Editor
KOMPAS.com-Musyawarah Kubro yang digelar di Pondok Pesantren Lirboyo dan dihadiri para mustasyar Nahdlatul Ulama serta jajaran PBNU, PWNU, dan PCNU yang menekankan pentingnya islah antara Ketua Umum dan Rais Aam PBNU mendapatkan dukungan dari berbagai pihak.
Salah satu dukungan tersebut disampaikan oleh Gerakan Kebangkitan Baru Nahdlatul Ulama atau GKBN-NU.
Inisiator GKBN-NU Hery Haryanto Azumi menilai konsistensi para ulama sepuh dalam menggelar forum musyawarah menunjukkan keseriusan mencari jalan keluar atas persoalan jamiyah NU secara arif dan bermartabat.

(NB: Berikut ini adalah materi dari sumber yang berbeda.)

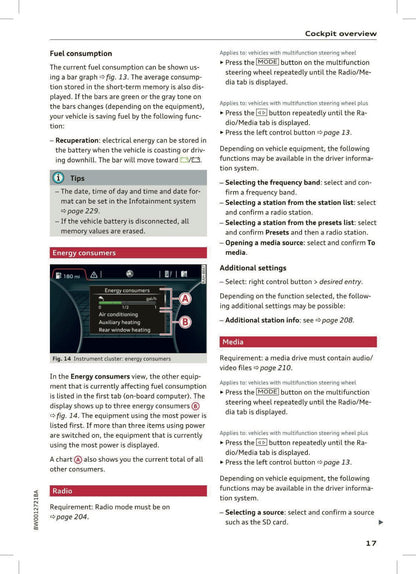 2017 Audi A4 Owner's Manual | English US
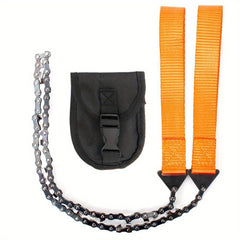 Sawteeth Survival Chain Saw for Camping and Emergency Use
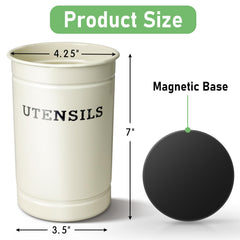 Kevenal magnetic RV utensil holder easy access keeps utensils within reach.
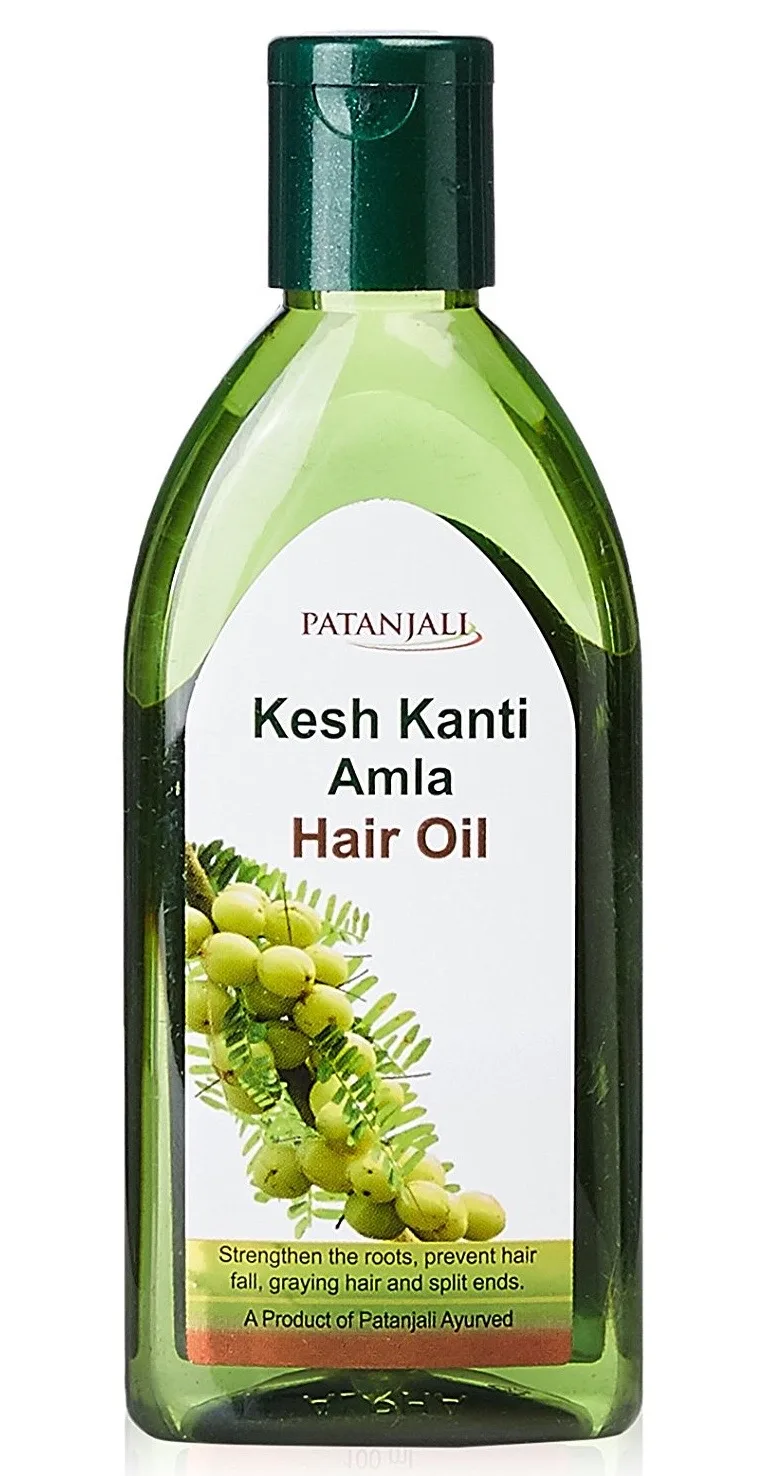 Олія для волосся Амла 200 мл Patanjali Amla Kesh Tail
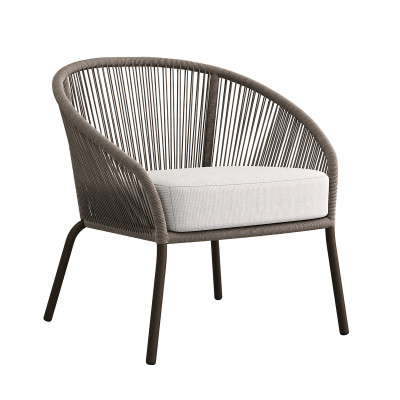 Mobilier terasa Borek 4322-35_KS371-11115. Conține culorile: Negru, Negru Trafic, Bej, Bej Perlă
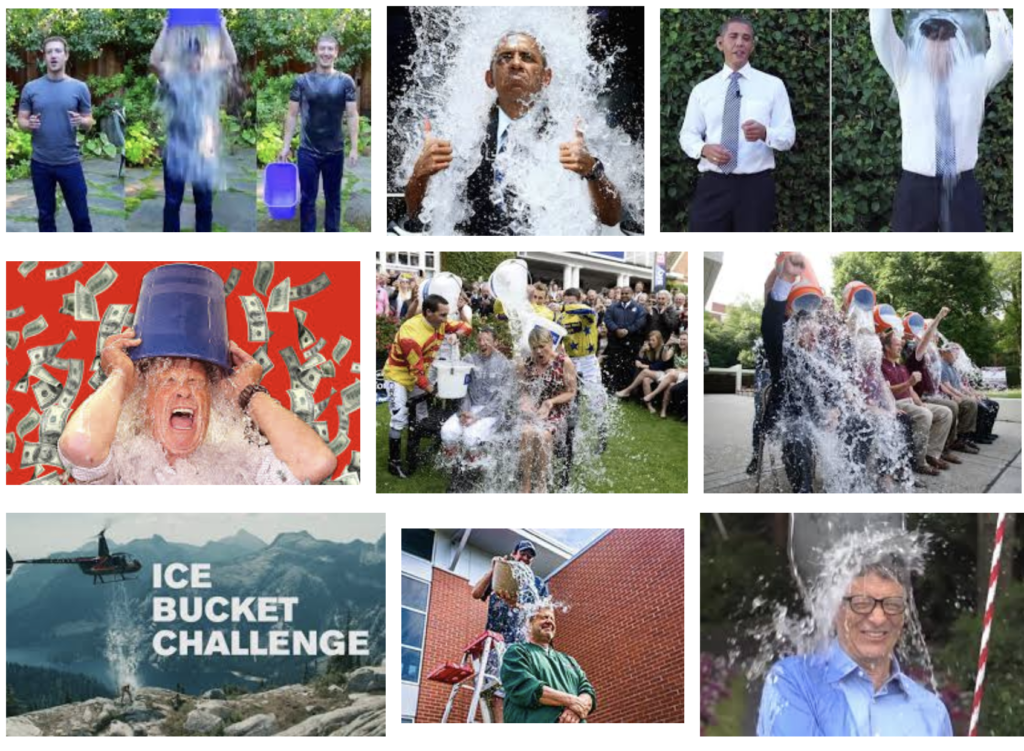 ice bucket challenge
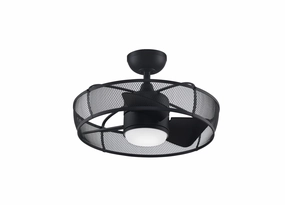 Henry 20"Ceiling Fan Black decorative fandeliers with lights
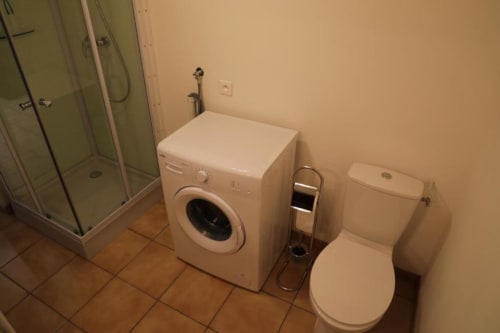 appartement avec machine à laver Epinal, gites le jardinier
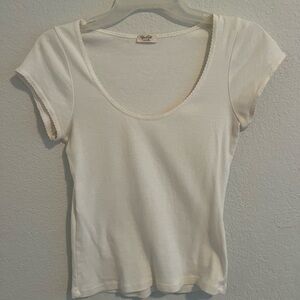 White Brandy Tee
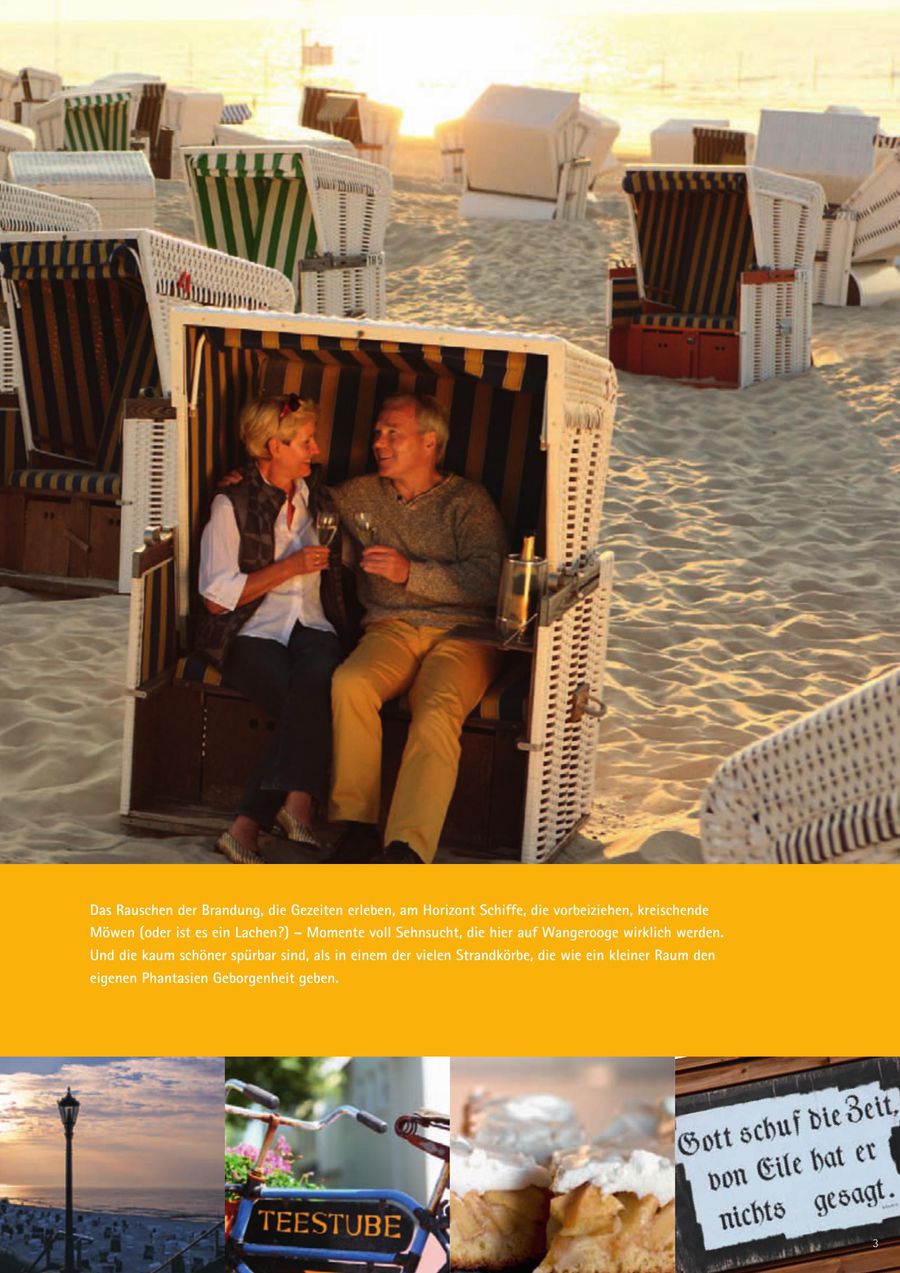 Wangerooge Katalog Fur 2014 Inklusive Gastgeberverzeichnis Von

“Forum ini menegaskan bahwa tidak semua solusi atas problem NU berada di ranah struktural,” ujar Hery Haryanto Azumi di Jakarta, Senin (22/12/2025), dilansir dari Antara.
Baca juga: Risalah Mlangi Serukan Islah PBNU dan Kembalikan NU ke Khittah 1926
Ia menambahkan, “Wilayah kultural tetap memegang peran yang sangat vital.”
Hery menilai Musyawarah Kubro sebagai langkah penting yang patut diapresiasi karena menjadi kelanjutan dari rangkaian pertemuan ulama sebelumnya di Ploso dan Tebuireng.
Tokoh muda NU tersebut menekankan reformasi organisasi NU ke depan harus berjalan seiring dengan penguatan gerak kultural.
Menurut Hery, ulama tetap menjadi kunci arah dan pengambilan keputusan strategis di tubuh NU.
Ia menilai peran ulama tersebut perlu ditopang oleh generasi muda NU yang telah bertransformasi secara intelektual di berbagai bidang.
Hery juga menyoroti sikap para ulama yang dinilainya bijaksana karena tetap mengedepankan prinsip islah meskipun prosesnya tidak mudah dan penuh tantangan.
Di sisi lain, para ulama dinilai menunjukkan ketegasan dengan menetapkan batas waktu tiga kali dua puluh empat jam sebelum diambil keputusan penting terkait mandat Rais Aam Syuriyah dan Ketua Umum Tanfidziyah.
Baca juga: Musyawarah Besar Warga NU 2025 Akan Digelar di Ciganjur, Bahas Arah Masa Depan NU
Sikap tersebut, kata Hery, sejalan dengan pandangan yang sebelumnya disampaikan oleh Gerakan Kebangkitan Baru NU.
GKBN-NU mendorong agar Rais Aam dan Ketua Umum PBNU menyerahkan mandat kepada Ahlul Halli Wal Aqdi atau AHWAQ.
Langkah tersebut dinilai penting untuk menyelamatkan jamiyah sebagai organisasi dan jamaah sebagai warga Nahdlatul Ulama.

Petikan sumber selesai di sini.